(AVAILABLE DATA)

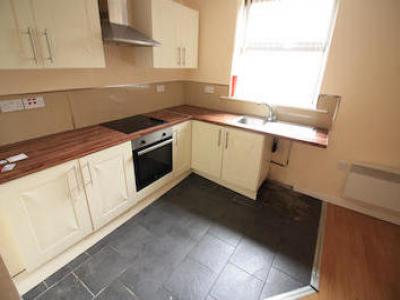 Louer Appartement Leeds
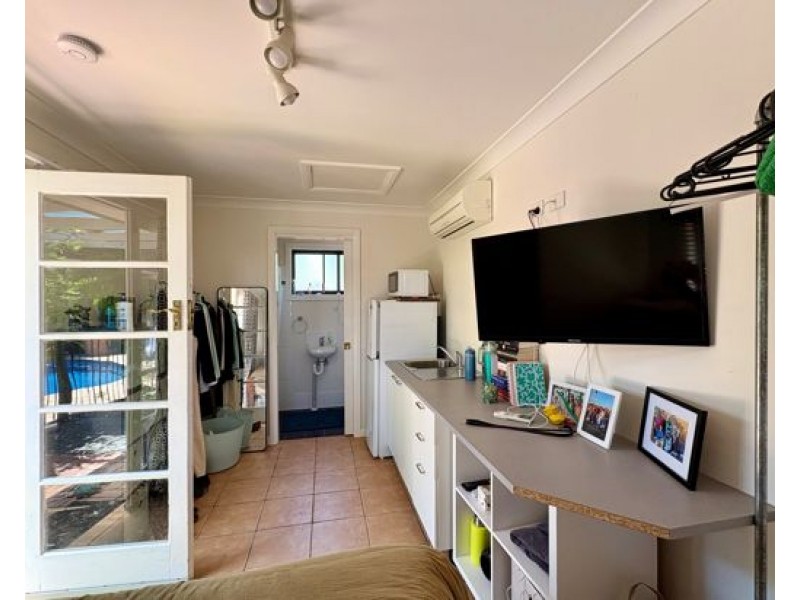 53 Dowell Avenue, Tamworth NSW 2340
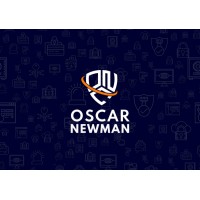 Oscar Newman Concept Limited logo - Similar company to Art Tech District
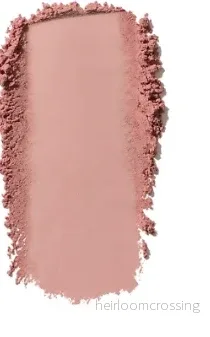 PurePressed Blush - Bild 3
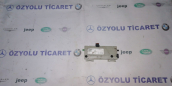 BMW e70 x5 anten beyni 00913015903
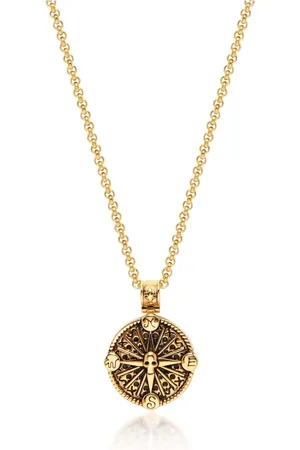 Nialaya Herren, Accessories, Gelb, MGröße:
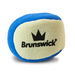 Brunswick Microfiber Grip Ball Assorted Alt Image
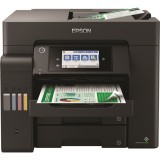 Epson EcoTank L6550 Tintasugaras (C11CJ30402) - Multifunkciós nyomtató
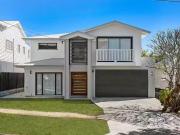 Just in! 75 Henry Street, Greenslopes, QLD 4120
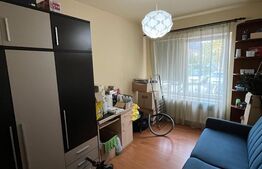 Apartament 3 camere, 60 mp,parcare, zona Florilor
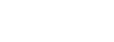 SORBA.ai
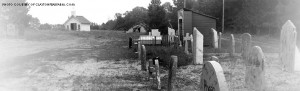 Fear Farm is a fun and frightening haunted park in Clayton, North Carolina. Only open in October, it provides a fun and thrilling time for teens and adults in celebration of Halloween.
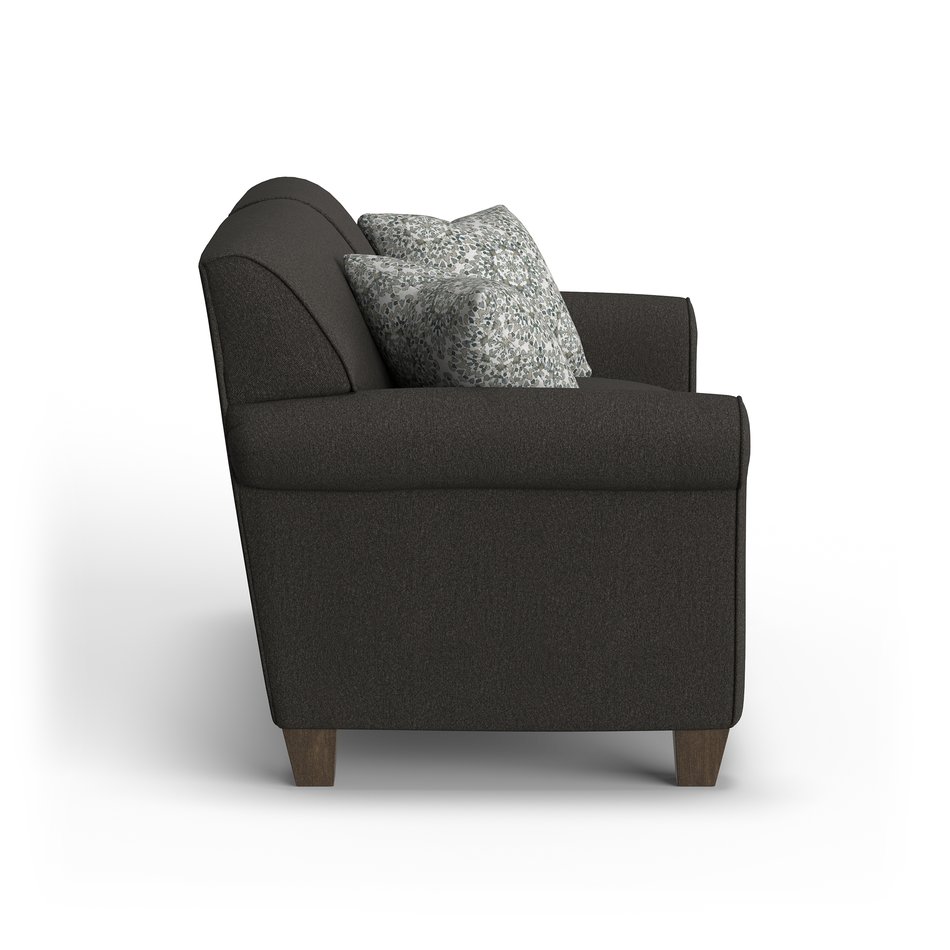 Dana Loveseat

(End AVAILABLE DATA)

WORK TO BE COMPLETED:
Your answer must consist only of the lines from the one containing "Brunswick Microfiber Grip" through the end of the entries, restated word for word, with no pictures.

FINAL ANSWER:
 Brunswick Microfiber Grip Ball Assorted Alt Image
 Epson EcoTank L6550 Tintasugaras (C11CJ30402) - Multifunkciós nyomtató
 Just in! 75 Henry Street, Greenslopes, QLD 4120
 Apartament 3 camere, 60 mp,parcare, zona Florilor
 SORBA.ai
 Fear Farm is a fun and frightening haunted park in Clayton, North Carolina. Only open in October, it provides a fun and thrilling time for teens and adults in celebration of Halloween.
 Dana Loveseat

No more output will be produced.